Il miracolo economico italiano

Lo storico britannico Eric J.E. Hobsbawm (1917-2012), nel suo celebre volume Age of extremes. The short twentieth century, 1914-1991 (1994) ha definito il secondo dopoguerra una nuova «età dell’oro», mettendo in evidenza che si trattò di anni di «straordinaria crescita economica e di trasformazione sociale, che probabilmente hanno modificato la società umana più profondamente di qualunque altro periodo di analoga brevità» (trad. it. Il secolo breve, 1995, p. 18).

La definizione di Hobsbawm pare particolarmente centrata per l’Italia: questa, infatti, tra gli anni Cinquanta e gli anni Sessanta conobbe un periodo di crescita economica accelerata (che sarà soprannominato miracolo economico o, ancora più sinteticamente, boom), che ne trasformò in maniera profonda il volto, facendola passare da Paese a economia prevalentemente agricola a una delle principali potenze industriali dell’Occidente.

Un altro storico britannico, Paul Ginsborg, profondo conoscitore della storia italiana tra Otto e Novecento, ha scritto che in quel periodo «il paesaggio rurale e urbano, così come le dimore dei suoi abitanti e i loro modi di vita, cambiarono radicalmente» (1990; trad. it. 1989, p. 622).

Questa fase di crescita costituisce ancora oggi un oggetto di studio nelle università di tutto il mondo. È sufficiente, infatti, una breve analisi di tre manuali di storia contemporanea o di storia dell’economia – tutti pubblicati in anni recenti e adottati in prestigiosi atenei stranieri – per rendersi conto dell’importanza di un periodo della storia italiana che presenta molti aspetti ancora da studiare.
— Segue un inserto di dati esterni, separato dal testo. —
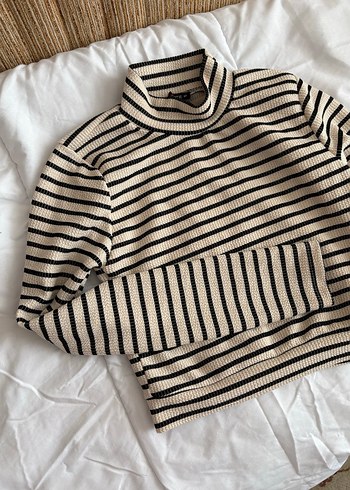 Bej Gri Çizgili Boğazlı Kadın bluz - Görsel 4
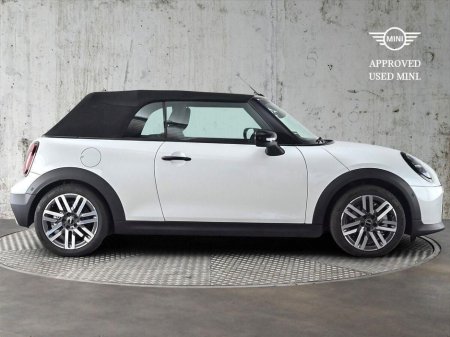 2025 MINI Hatch Cooper C €44,900 thumbnail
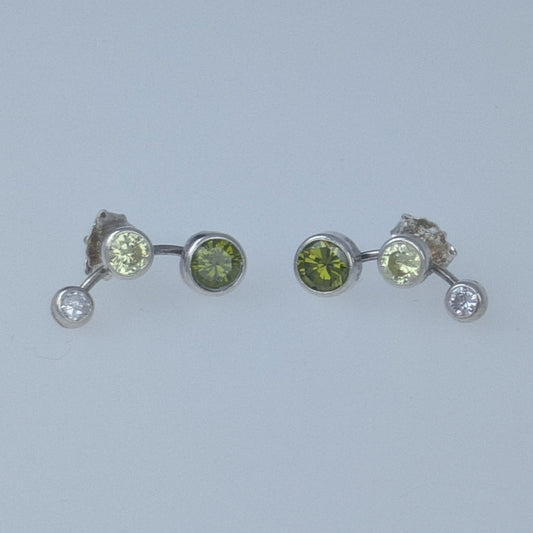 Silberohrring mit drei runden Zirkonien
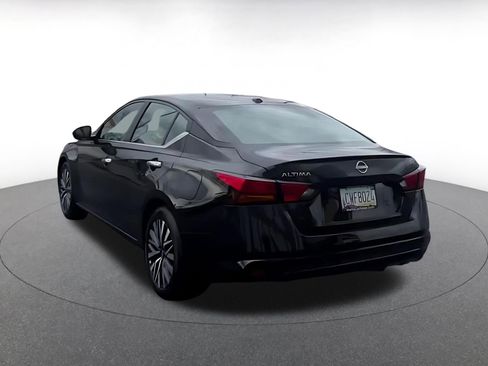 Used 2025 Nissan Altima 2.5 SV image 10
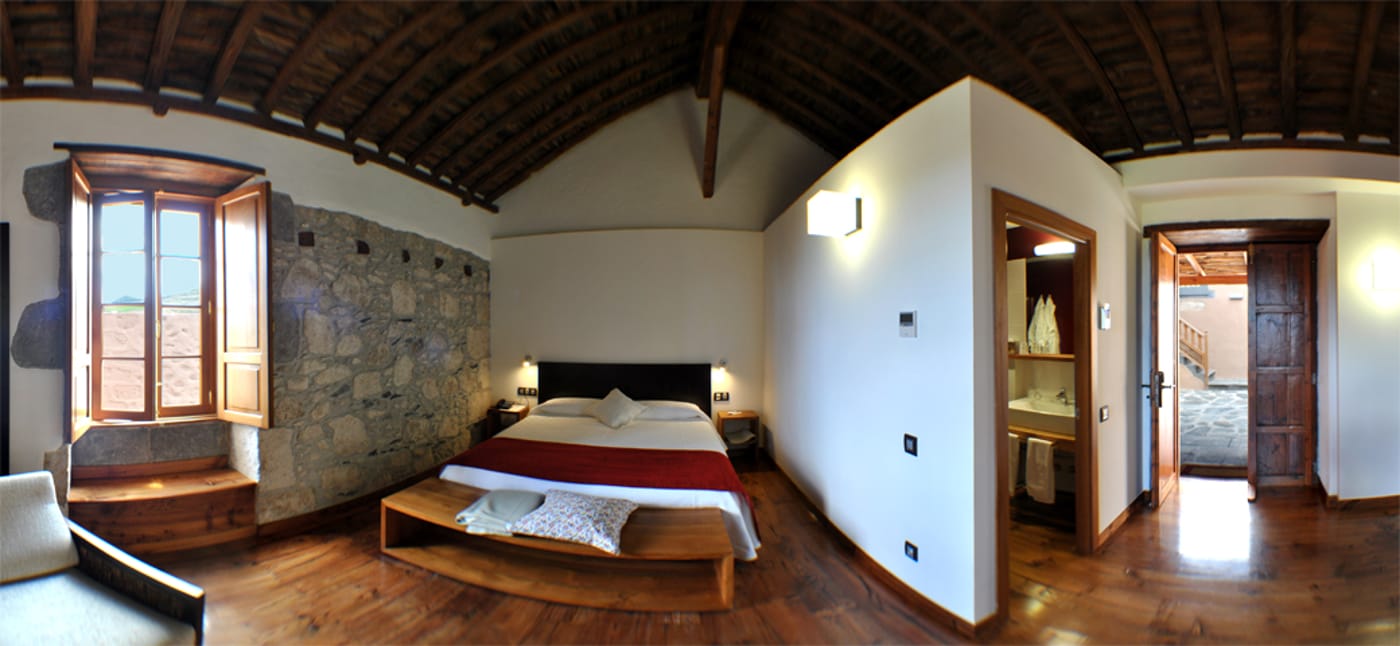 Hotel-Rural-El-Mondalon-Room-39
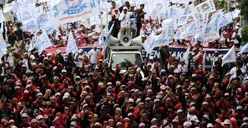 Massa Buruh Sudah Padati Jalan Gatot Subroto dari Semanggi Menuju DPR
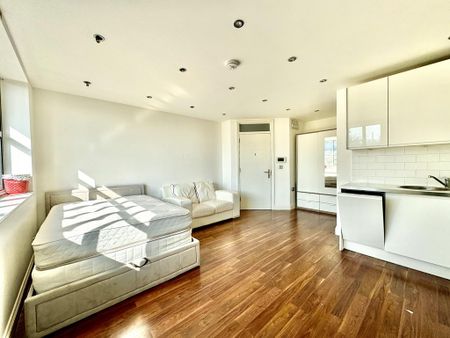 Studio to rent - Photo 4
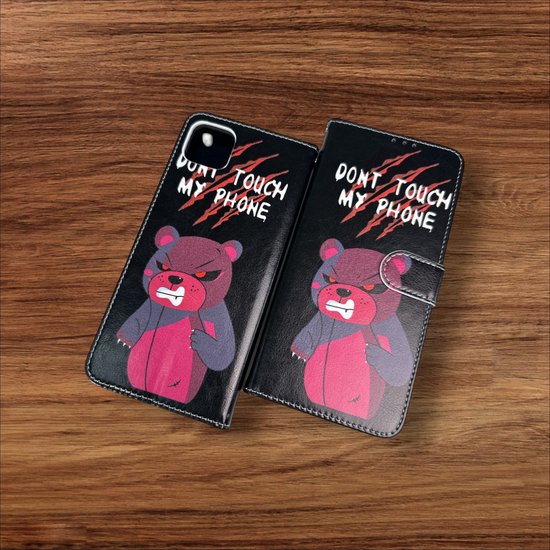 Samsung Galaxy A04 Hoesjes – Portemonnee Book Case – Pasjeshouder – Magneetsluiting – Don't Touch My Phone Print-Ilumina Benelux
In Gran Bretagna, la International history of the twentieth century and beyond (2004, 20082) – di Anthony Best, Jussi M. Hanhimäki, Joseph A. Maiolo e Kirsten E. Schulze, docenti della London school of economics e del King’s college di Londra – parla di uno «straordinario successo», che ebbe profonde ripercussioni non solo sull’economia e la società italiane, ma anche sulla politica del vecchio continente, dal momento che contribuì a fare dell’Italia una della nazioni che più contribuirono al processo di creazione della Comunità economica europea e di integrazione fra gli Stati.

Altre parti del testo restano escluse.